[dm-devel] dm-mq and end_clone_request()
Mike Snitzer
snitzer at redhat.com
Wed Jul 20 14:08:15 UTC 2016
On Tue, Jul 19 2016 at 6:57pm -0400,
Bart Van Assche <bart.vanassche at sandisk.com> wrote:
> Hello Mike,
>
> If I run a fio data integrity test against kernel v4.7-rc7 then I
> see often that fio reports I/O errors if a path is removed despite
> queue_if_no_path having been set in /etc/multipath.conf. Further
> analysis showed that this happens because during SCSI device removal
> a SCSI device enters state SDEV_CANCEL before the block layer queue
> is marked as "dying". In that state I/O requests submitted to that
> SCSI device are failed with -EIO. The behavior for
> end_clone_request() in drivers/md/dm.c for such requests is as
> follows:
> - With multiqueue support disabled, call __blk_put_request() and ignore
> the "error" argument passed to end_clone_request().
The __blk_put_request() isn't contributing to this blk-mq problem. The
need for it is unique to the request_fn case.
> - With multiqueue support enabled, pass the "error" argument to
> dm_complete_request().
The error arg is passed to dm_complete_request() regardless of queue
type but it is only immediately used by the blk-mq API (via
blk_mq_complete_request).
> Shouldn't end_clone_request() requeue failed requests in both cases
> instead of passing the I/O error to the submitter only if multiqueue
> is enabled?
Pretty sure you'll find it is _not_ blk-mq that is passing the error
up. (But if I'm proven wrong that will be welcomed news).

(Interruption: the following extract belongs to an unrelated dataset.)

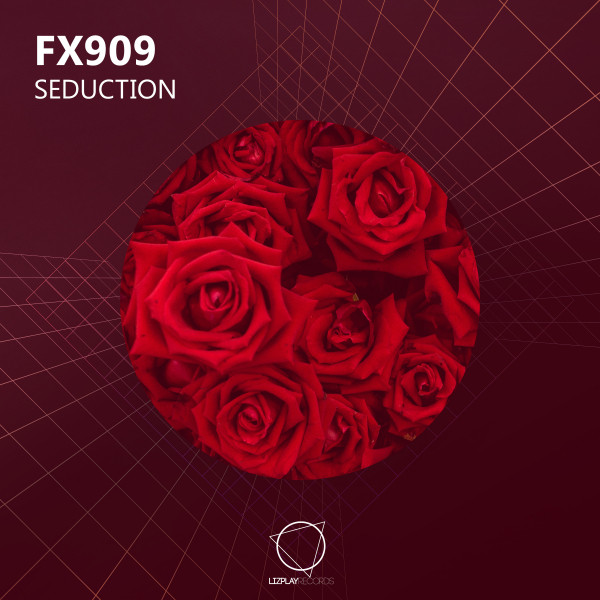Seduction - Original Mix artwork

The error passed to dm_complete_request() is always used to set
tio->error which is later used by dm_done(). DM core handles errors
later via softirq in dm_done() -- where the error is passed into the
target_type's rq_end_io hook.
So in DM multipath you'll see do_end_io() we do finally act on the error
we got from the lower layer. And if the error is -EIO, noretry_error()

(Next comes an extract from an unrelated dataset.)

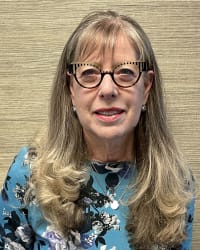 Top Rated Family Law Attorney in Los Angeles, CA : Vicki J. Greene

will return true and -EIO will be returned up the IO stack.
In the end we're relying on SCSI to properly categorize the underlying
faults as retryable vs not -- via SCSI's differentiated IO errors.
Unfortunately I'm not seeing anything that DM multipath can do
differently here. -EIO is _always_ propagated up.
It is strange that all the dm-mq testing that has been done didn't ever
catch this. The mptest testsuite is a baseline for validating DM
multipath (and request-based DM core) changes. But I've also had Red
Hat's QE hammer dm-mq with heavy IO (in terms of the "dt" utility) on a
larger NetApp testbed in the face of regular controller faults.
Must be this scenario of SDEV_CANCEL is a race that is relatively
unique/rare to your testbed?
This raises the question: should SCSI be returning something other than
-EIO for this case? E.g. an error that is retryable?